## Provided entries
:::

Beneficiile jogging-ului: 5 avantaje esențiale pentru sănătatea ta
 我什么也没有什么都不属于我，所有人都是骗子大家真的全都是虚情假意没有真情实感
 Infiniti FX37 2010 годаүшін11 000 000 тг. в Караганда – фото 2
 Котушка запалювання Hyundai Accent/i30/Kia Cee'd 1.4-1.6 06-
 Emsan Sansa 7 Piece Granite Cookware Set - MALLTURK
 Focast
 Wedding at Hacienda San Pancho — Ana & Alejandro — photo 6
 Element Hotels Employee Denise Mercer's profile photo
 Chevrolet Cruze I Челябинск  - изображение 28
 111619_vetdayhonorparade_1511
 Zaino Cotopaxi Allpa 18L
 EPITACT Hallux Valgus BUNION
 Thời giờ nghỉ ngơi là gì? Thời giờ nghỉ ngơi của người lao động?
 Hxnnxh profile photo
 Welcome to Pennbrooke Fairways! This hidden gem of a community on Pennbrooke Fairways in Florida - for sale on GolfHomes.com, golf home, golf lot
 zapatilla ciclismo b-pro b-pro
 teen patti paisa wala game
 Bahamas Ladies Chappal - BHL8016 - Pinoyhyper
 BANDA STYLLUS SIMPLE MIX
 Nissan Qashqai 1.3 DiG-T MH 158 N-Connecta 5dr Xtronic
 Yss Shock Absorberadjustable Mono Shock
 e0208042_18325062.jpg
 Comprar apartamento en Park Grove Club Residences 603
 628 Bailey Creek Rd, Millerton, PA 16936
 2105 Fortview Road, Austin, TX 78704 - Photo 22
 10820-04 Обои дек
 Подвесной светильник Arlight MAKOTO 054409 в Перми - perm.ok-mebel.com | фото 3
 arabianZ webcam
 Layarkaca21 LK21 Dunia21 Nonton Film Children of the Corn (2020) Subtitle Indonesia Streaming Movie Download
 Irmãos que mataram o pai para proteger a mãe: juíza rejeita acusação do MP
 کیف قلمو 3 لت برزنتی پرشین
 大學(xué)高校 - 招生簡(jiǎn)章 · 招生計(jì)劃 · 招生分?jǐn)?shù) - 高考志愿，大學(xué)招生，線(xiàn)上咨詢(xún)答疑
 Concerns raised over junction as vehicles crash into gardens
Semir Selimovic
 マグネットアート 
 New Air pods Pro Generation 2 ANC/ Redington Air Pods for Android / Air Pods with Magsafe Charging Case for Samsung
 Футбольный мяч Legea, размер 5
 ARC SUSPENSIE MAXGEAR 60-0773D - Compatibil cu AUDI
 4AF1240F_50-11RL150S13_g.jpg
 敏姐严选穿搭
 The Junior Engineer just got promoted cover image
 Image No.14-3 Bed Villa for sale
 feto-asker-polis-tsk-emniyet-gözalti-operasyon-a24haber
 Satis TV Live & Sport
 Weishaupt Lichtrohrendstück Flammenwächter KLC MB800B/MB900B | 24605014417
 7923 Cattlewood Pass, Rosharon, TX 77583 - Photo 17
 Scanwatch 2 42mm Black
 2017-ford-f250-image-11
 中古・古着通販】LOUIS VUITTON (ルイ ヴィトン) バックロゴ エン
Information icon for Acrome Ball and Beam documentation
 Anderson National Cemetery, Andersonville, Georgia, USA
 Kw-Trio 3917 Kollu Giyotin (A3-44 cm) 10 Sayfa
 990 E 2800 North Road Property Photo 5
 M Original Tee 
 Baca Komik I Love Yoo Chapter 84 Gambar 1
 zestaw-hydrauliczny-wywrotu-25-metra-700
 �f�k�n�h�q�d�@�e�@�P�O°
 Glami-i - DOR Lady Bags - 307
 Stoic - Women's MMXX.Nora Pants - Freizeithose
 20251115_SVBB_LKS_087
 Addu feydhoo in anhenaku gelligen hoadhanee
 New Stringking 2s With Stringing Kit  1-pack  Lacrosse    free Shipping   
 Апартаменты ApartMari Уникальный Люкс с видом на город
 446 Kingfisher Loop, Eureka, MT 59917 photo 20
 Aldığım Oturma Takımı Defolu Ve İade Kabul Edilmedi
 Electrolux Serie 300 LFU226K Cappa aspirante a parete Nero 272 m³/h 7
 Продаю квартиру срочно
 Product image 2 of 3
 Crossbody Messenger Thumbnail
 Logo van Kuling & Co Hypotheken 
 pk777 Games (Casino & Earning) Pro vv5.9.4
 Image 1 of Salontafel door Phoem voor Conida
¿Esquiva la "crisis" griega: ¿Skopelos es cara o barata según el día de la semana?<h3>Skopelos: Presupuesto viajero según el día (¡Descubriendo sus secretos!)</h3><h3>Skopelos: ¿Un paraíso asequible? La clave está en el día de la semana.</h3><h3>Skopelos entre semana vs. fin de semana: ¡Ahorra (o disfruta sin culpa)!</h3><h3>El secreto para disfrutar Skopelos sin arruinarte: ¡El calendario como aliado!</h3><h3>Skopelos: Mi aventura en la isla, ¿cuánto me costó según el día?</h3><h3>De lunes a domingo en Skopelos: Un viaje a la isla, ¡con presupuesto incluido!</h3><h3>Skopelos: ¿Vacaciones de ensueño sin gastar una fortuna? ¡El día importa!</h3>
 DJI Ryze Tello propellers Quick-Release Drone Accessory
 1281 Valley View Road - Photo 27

:::

## Problem details
From the records above, give again exactly the lines running from the line with "Продаю квартиру срочно" to the line with "Image 1 of Salontafel door Phoem voor Conida", inclusive.

## Reply
 Продаю квартиру срочно
 Product image 2 of 3
 Crossbody Messenger Thumbnail
 Logo van Kuling & Co Hypotheken 
 pk777 Games (Casino & Earning) Pro vv5.9.4
 Image 1 of Salontafel door Phoem voor Conida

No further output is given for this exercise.